YOUR ASSIGNMENT: Look through the data below for the line with "gender-reveal-stickers-gender-reveal-party-he-or-she" and the line with "SH2343 Astrophytum asterias", then transcribe exactly from the first through the second, leaving out all pictures.

DATA SHOWN:
+++

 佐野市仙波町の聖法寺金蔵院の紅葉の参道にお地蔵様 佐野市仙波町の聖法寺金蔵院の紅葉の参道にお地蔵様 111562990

+++

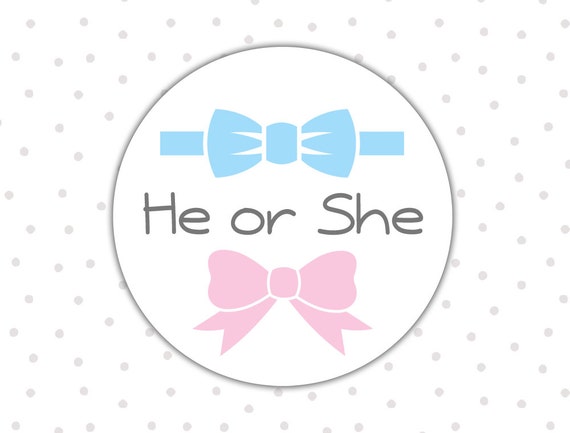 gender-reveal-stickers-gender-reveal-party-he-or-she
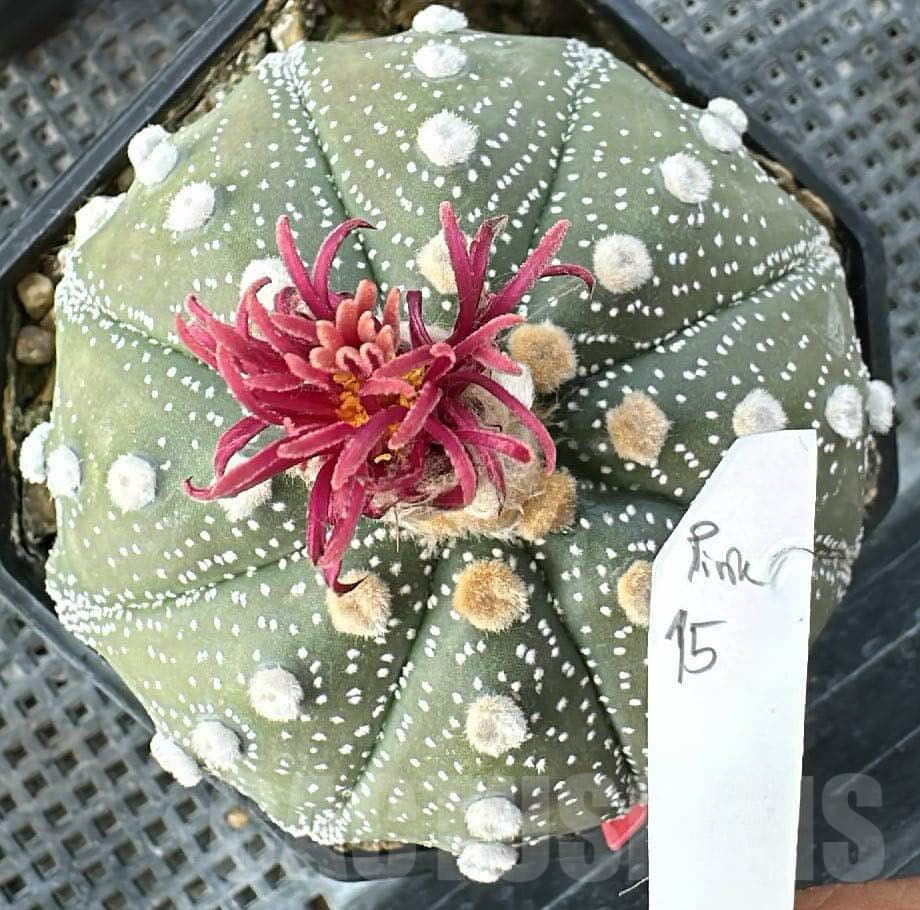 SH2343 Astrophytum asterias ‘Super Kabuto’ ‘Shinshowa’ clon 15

+++

OUTPUT FOR THIS EXERCISE:
 gender-reveal-stickers-gender-reveal-party-he-or-she
 SH2343 Astrophytum asterias ‘Super Kabuto’ ‘Shinshowa’ clon 15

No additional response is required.